O eixo central da plataforma de Fernández é a segurança pública. Ela defende medidas mais firmes contra o crime organizado, entre elas a possibilidade de decretar “estados de exceção” em áreas com forte presença do narcotráfico. A proposta encontrou respaldo em um eleitorado cansado da violência e em busca de respostas mais duras do Estado.
Enquanto isso, o campo anti-governista se divide. Álvaro Ramos (PLN) e Claudia Dobles (Agenda Cidadã) somam apenas 9% cada, seguidos por Ariel Robles (4%) e um conjunto de outros 16 nomes que não saem da margem de erro. A fragmentação dificulta a construção de uma alternativa competitiva contra o avanço governista.

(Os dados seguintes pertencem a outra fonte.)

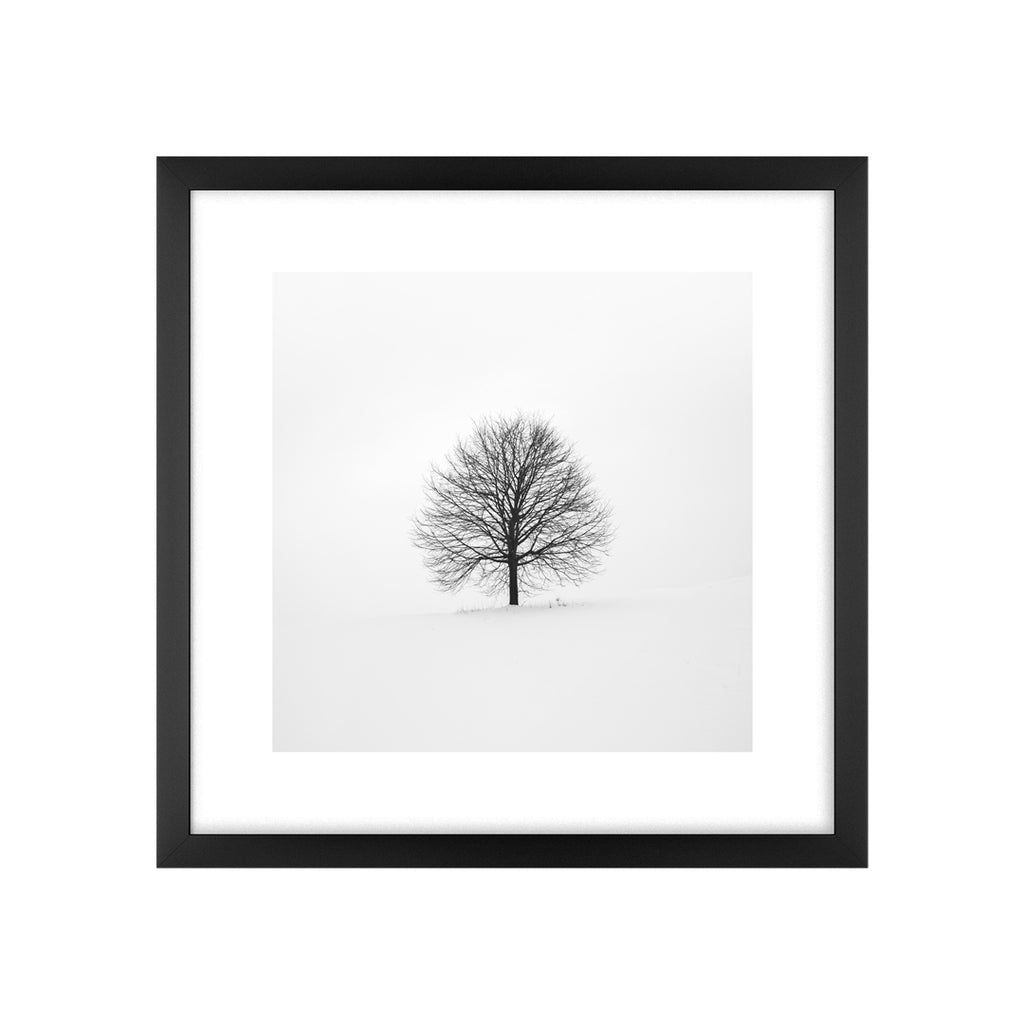 Quadro Árvore Seca Tela Fosca Moldura Preta - Pequeno 32x42cm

INDECISOS AINDA PODEM MUDAR O JOGO
Apesar do cenário favorável, 26% do eleitorado ainda não definiu o voto — percentual que pode alterar o desfecho final. Esse grupo é composto principalmente por jovens, mulheres e moradores de regiões costeiras, perfil que expressa desgaste com o sistema político tradicional.
Se esse contingente se mobilizar, há chance de segundo turno 5 de abril. Se não, Fernández deve confirmar a vitória e consolidar uma guinada do país à direita.